Magnolia is distributed as two web-applications, one acting as the authoring instance and the other as the public environment. Keeping the author application inside your firewall ensures better security. In a typical deployment you have at least two public instances but can have many more. The multiple instance model also allows clustering configurations.

Author instance is where editors work. This instance typically resides in a secure location behind a corporate firewall, inaccessible from the Internet. The author instance publishes content to public instances. Public instance receives the content and serves it to visitors on the Web. The public instance resides in a publicly reachable location. You can have more than one public instance, serving the same or different content.

Each instance functions as an independent application but technically they are the same. An author instance can be configured to function as a public instance and vice versa. The differences are small adaptations in configuration and security. Security for the public instances is usually managed separately.

Public instances serving different content

You can manage multiple sites from the same author instance. Each public instance can serve content targeted for a specific geographical area. For example, one instance serves visitors from Europe and another visitors from the U.S.

Magnolia multisite feature provides granularity for content control on multi-language and multi-domain installations. Administrators have the option to direct editors to the author instance through a specific domain. Editors edit only the part of the content structure that resides at the specified domain. To ensure a consistent browsing experience, URLs are adapted to always reflect the domain. You can also configure multiple domains to access the same instance.

Intranet and extranet

Magnolia allows for flexibility in placing secure and sensitive application instances. The diagram below illustrates a possible placement strategy where an extranet public instance resides outside the firewall but an intranet instance is inside. More advanced configurations can be built to place intranet and extranet instances inside a firewall, for example.

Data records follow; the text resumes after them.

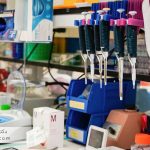 مدیریت عدم انطباق و اقدام اصلاحی و پیشگیرانه در آزمایشگاه و اعتبارسنجی کلین‌روم دارویی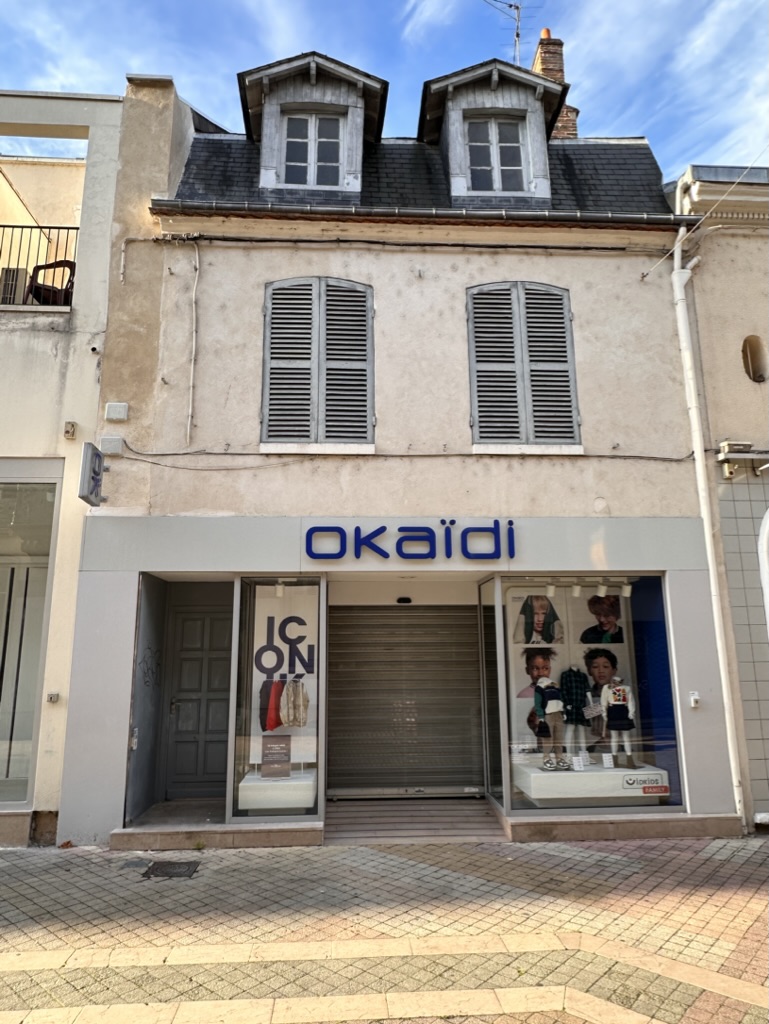 Vente de murs libres Local commercial 262 m² Montargis
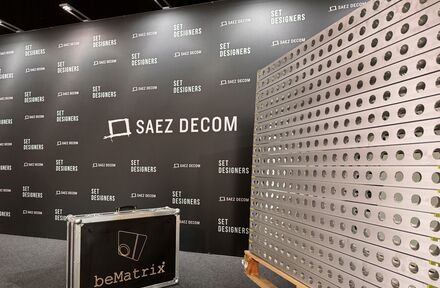 Saez DeCom acquires BeMatrix to build modular backdrops in Spain - Foto 1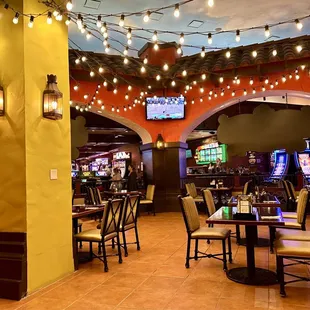 Seating area (front of restaurant)
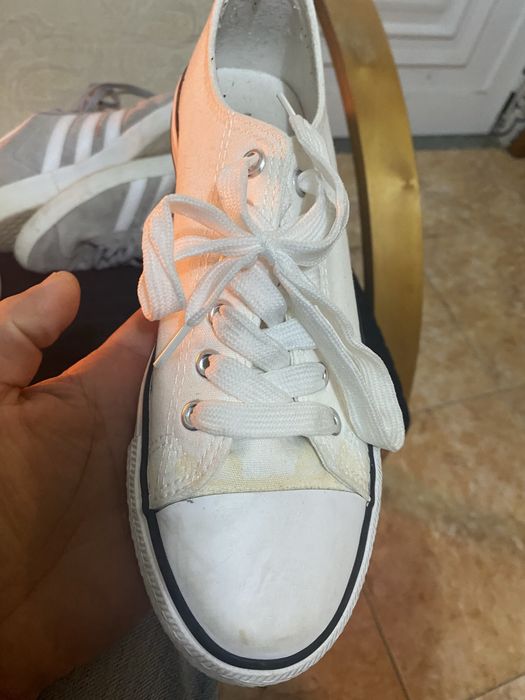 Dapatilhas dois pares de sapatilhas usados como novos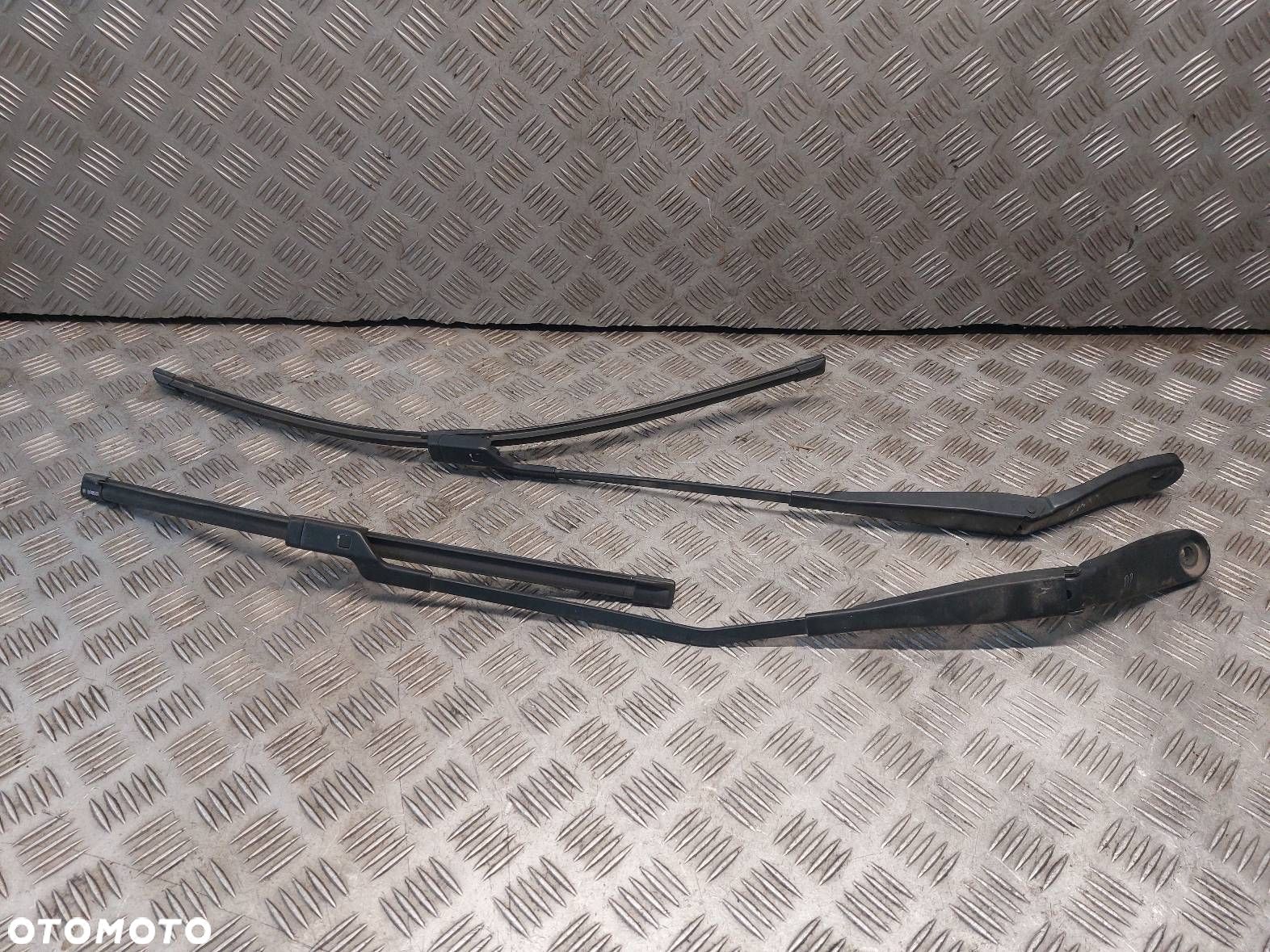 RAMIĘ WYCIERACZKI LEWY + PRAWY PRZÓD VOLVO XC60 I 30753525 30753526 - 1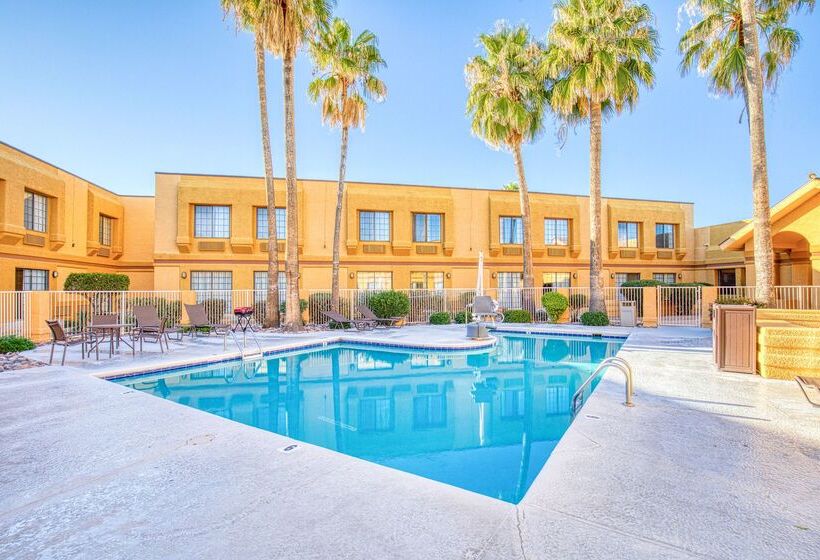 Отель Best Western Green Valley Inn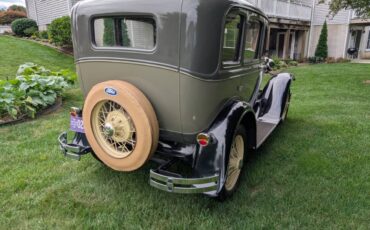 Ford-model-a-4-door-slant-window-1931-green-4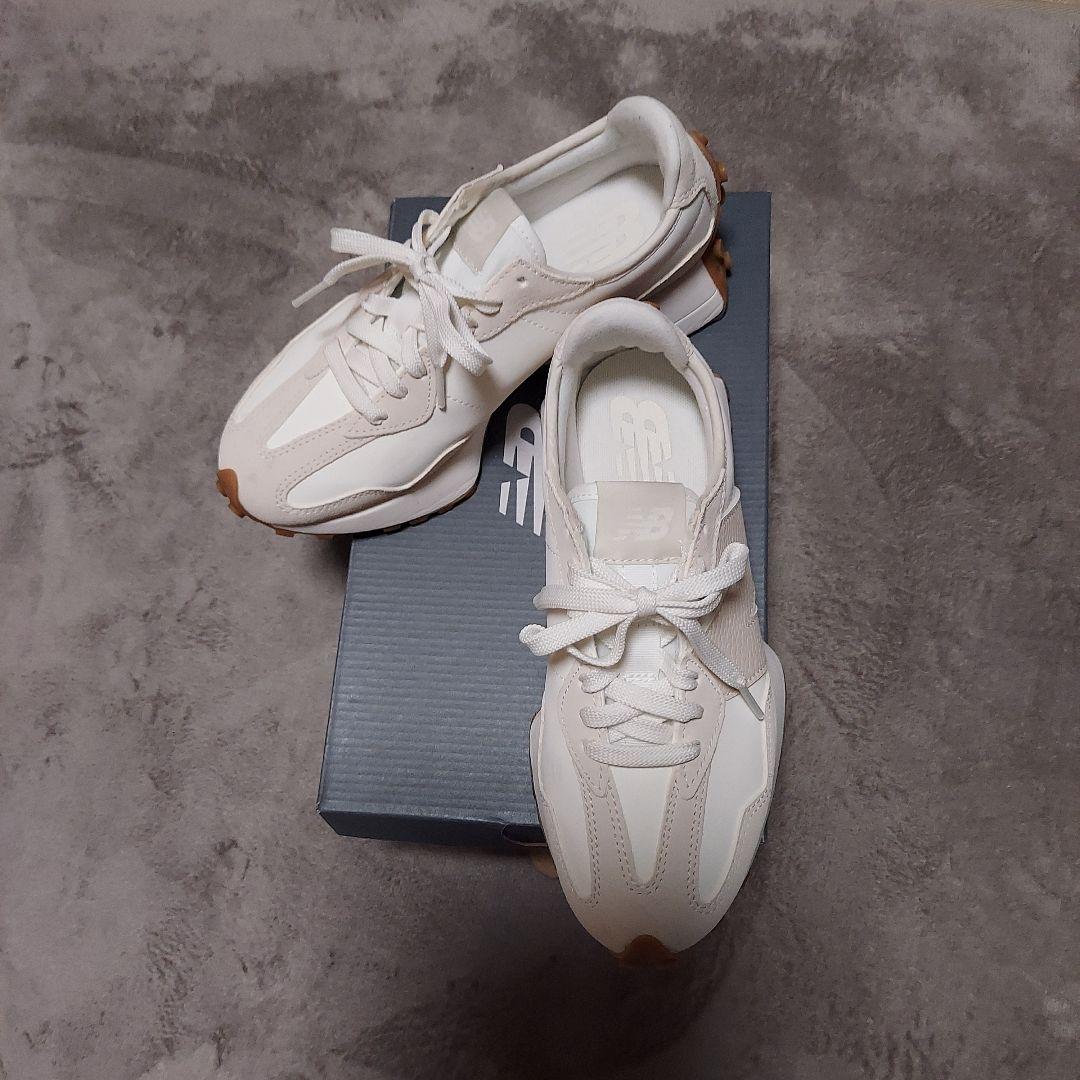 New Balance ホワイト スニーカー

Planned redundancy and high availability

A distributed instance setup allows you to respond to high availability requirements and sudden increases in traffic. Each of the following problem scenarios can be addressed by adding a new public instance to serve the same content, helping existing instances deal with the load.

  • Public instance failure. Imagine you have two public Magnolia instances and due to hardware failure one of them is out of operation for a few days. Start a new public instance to replace the broken one.
  • Sudden high load on your site, also known as Slashdot effect. Spin off new public instances until the traffic subsides.
  • Public instance blackout. All public instances are corrupted, broken or compromised. No instances exist to serve content.

Instance configuration examples

Magnolia configurations range from a minimal one-machine setup to a standard three-instance production setup and beyond.

  • Minimal. Author and Public instances exist on the same server. This is the default configuration when you install Magnolia on your computer to try it.
  • Reduced. Author and Public instances exist on separate servers. The two Public instances are on the same server or one of the Public instances resides on the same server as the Author instance.
  • Standard. Public instances exist on separate servers. This configuration enables load balancing. Incoming requests can be directed to one server or another depending on availability.